I'm sure one of them will develop and maintain a package that isn't as hacky as this. In the meantime, feel free to use this package (outside of production) and contribute if you can!
Spawns a web worker to run piper tts in, using a wasm build of sherpa onnx as the runtime.
A data file that is compatible with sherpa-onnx
npm install piper-wasm
After the runtime has been initialized, it will provide you the function to synthesize speech via a callback. The synthesize function takes a SpeechSynthesisUtterance.
// imports
import Piper from "piper-wasm/lib/index";
function onInit(generate: (utterance: SpeechSynthesisUtterance) => void): void {
const utterance = new SpeechSynthesisUtterance("Hello, World!");
generate(utterance);
}
const piper = new Piper(`path_to_model.data`, onInit);
// imports
import React, { useRef, useState, useEffect } from 'react';
import Piper from "piper-wasm/lib/index";
function PiperComponent() {
// reference holder
const piperRef = useRef<Piper>();
// the function that will be set to the generate function piper-wasm will return on initializazion
const [piperSynthesize, setPiperSynthesize] =
useState<(utterance: SpeechSynthesisUtterance) => void>();
// setter handler for the generate function
const setPiperGenerator: (
generateFunction: (utterance: SpeechSynthesisUtterance) => void
) => void = (generateFunction) => {
setPiperSynthesize(() => generateFunction);
};
// initialization
useEffect(() => {
if (!piperRef.current) {
piperRef.current = new Piper(
`path_to_model.data`,
setPiperGenerator
);
}
}, []);
return (
<button
disabled={!piperSynthesize}
onClick={() => {
if (piperSynthesize) {
piperSynthesize("Hello, World!");
} else {
console.warn("Piper has not yet been initialized");
}
}}
>
Click me
</button>
);
}
Google is weirdly strict about spawning web workers from content scripts and running wasm. So there's a few things that you have to do.

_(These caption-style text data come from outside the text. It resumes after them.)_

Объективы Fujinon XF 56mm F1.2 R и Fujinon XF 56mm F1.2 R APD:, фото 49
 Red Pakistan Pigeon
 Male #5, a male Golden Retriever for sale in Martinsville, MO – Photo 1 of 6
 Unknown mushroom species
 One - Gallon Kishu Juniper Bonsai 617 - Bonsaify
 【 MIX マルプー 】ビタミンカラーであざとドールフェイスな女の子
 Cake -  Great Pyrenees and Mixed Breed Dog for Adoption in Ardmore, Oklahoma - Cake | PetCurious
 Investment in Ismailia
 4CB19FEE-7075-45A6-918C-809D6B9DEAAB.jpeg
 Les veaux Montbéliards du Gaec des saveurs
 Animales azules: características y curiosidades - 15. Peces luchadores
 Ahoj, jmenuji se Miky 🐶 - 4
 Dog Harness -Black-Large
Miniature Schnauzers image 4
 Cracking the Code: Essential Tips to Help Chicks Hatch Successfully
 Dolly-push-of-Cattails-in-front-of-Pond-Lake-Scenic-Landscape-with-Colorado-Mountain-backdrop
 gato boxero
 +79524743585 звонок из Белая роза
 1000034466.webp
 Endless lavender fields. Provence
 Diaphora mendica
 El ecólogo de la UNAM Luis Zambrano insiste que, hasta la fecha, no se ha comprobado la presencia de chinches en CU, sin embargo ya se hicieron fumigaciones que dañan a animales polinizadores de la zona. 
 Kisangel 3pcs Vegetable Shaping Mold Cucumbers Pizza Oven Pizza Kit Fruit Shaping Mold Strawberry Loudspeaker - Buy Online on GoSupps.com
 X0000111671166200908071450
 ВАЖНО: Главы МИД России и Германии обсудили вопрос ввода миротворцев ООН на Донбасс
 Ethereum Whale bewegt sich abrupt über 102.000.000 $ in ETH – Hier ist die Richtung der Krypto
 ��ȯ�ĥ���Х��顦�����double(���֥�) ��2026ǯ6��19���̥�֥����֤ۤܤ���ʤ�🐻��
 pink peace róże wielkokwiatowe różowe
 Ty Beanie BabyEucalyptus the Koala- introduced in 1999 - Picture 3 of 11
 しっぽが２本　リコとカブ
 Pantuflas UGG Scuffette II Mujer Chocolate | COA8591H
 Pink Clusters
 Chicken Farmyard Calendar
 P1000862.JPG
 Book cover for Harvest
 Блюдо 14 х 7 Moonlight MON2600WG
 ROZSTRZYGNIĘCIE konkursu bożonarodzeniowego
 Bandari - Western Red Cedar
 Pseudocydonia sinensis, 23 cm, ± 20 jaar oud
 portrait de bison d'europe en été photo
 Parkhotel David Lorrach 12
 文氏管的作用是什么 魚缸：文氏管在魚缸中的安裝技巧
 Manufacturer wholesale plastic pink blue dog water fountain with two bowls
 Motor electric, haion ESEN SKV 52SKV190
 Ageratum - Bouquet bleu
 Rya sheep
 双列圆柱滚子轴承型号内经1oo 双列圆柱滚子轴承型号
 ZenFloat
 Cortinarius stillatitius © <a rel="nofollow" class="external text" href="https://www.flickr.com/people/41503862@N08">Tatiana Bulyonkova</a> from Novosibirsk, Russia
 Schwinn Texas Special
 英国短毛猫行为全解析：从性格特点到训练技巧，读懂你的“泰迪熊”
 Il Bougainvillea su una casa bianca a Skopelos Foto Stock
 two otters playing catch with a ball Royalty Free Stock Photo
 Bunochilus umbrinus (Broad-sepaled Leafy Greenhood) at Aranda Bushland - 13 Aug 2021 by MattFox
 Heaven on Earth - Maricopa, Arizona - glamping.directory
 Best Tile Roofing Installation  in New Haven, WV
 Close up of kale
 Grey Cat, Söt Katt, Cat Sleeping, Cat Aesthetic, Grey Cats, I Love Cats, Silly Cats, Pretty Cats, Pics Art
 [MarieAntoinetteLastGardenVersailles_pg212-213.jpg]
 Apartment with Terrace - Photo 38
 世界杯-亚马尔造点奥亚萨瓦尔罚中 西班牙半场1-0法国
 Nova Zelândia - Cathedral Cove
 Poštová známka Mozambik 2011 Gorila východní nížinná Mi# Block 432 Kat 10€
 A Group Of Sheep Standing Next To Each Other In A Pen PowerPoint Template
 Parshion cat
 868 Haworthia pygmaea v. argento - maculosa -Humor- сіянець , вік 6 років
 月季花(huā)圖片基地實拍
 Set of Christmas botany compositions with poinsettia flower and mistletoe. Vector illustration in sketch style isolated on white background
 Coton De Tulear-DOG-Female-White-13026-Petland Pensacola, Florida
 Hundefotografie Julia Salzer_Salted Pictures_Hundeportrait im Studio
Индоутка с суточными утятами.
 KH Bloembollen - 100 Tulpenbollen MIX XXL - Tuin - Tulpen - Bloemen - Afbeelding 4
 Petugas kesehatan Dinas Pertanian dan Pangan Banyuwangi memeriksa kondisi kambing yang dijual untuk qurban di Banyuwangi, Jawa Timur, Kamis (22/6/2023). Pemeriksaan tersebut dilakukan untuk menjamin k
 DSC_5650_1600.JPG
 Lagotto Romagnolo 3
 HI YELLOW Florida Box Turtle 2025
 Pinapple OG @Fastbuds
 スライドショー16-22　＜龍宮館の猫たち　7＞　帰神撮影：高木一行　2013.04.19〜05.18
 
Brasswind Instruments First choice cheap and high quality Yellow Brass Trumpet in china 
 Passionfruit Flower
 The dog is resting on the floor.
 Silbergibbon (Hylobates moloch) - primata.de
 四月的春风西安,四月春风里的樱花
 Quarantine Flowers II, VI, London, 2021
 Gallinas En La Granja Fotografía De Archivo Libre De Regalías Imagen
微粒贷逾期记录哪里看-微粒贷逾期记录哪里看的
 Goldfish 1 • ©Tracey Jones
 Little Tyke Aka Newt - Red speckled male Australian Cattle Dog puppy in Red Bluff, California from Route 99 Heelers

First, you need to build an api that wraps the capabilities of piper-wasm inside a worker:
let piper; // Piper
let generate; // (utterance: SpeechSynthesisUtterance) => void
let isInitializing = false;
function initPiper(tabID /* number */, utterance: /* SpeechSynthesisUtterance | undefined */) /*: Piper */ {
if (isInitializing) {
console.warn('Warning:', 'piper-wasm is already being initialized', 'aborting');
return;
}
const benv = chrome ?? browser;
isInitializing = true;
return new Piper(
benv.runtime.getURL(path_to_voice.data),
genFunc => {
generate = genFunc;
isInitializing = false;
if (utterance) {
initGenerate(utterance, tabID);
}
},
tabID,
);
}
function initGenerate(utterance: MimicSpeechSynthesisUtterance, tabID) {
if (isInitializing) {
console.warn(
'Warning:',
'piper-wasm is initializing.',
'refrain from calling the generate function before piper-wasm has finished initializing',
'aborting',
);
return;
}
piper = piper ?? initPiper(tabID);
generate ? generate(utterance) : initPiper(tabID, utterance);
}
chrome.runtime.onMessage.addListener((message: WorkerMessage, sender: chrome.runtime.MessageSender) => {
switch (message.type) {
case 'init':
piper = piper ?? initPiper(sender.tab.id);
break;
case 'generate':
initGenerate(message.data, sender.tab.id);
break;
default:
console.error(`Message type '${message.type}' does not exist`);
break;
}
});
Next, you'll need to add that worker as a background script and also allow 'wasm-unsafe-eval' as a script-src.
add this to the manifest:
content_security_policy: {
extension_pages: "script-src 'wasm-unsafe-eval';",
},
background: {
service_worker: 'path_to_worker.js',
type: 'module',
},
(this is just explanation text, feel free to skip to the code below)
Now, we need an interface to communicate with the background worker. If piper-wasm detects that you are running piper from within a background script, it will automatically try to communicate with the PiperRunner through messages. Since you can't pass a SpeechSynthesisUtterance to a worker and have it retain its callbacks, the runner will need a way to fetch that utterance from within the content script. For that purpose, it will call the setOnAudio function to retrieve an utterance in order to invoke events such as "start" and "end" at the appropriate times. For managing utterances, it will give you the actual text that piper will synthesize and a unique id for the utterance in order to give you the ability to manage the utterances that way.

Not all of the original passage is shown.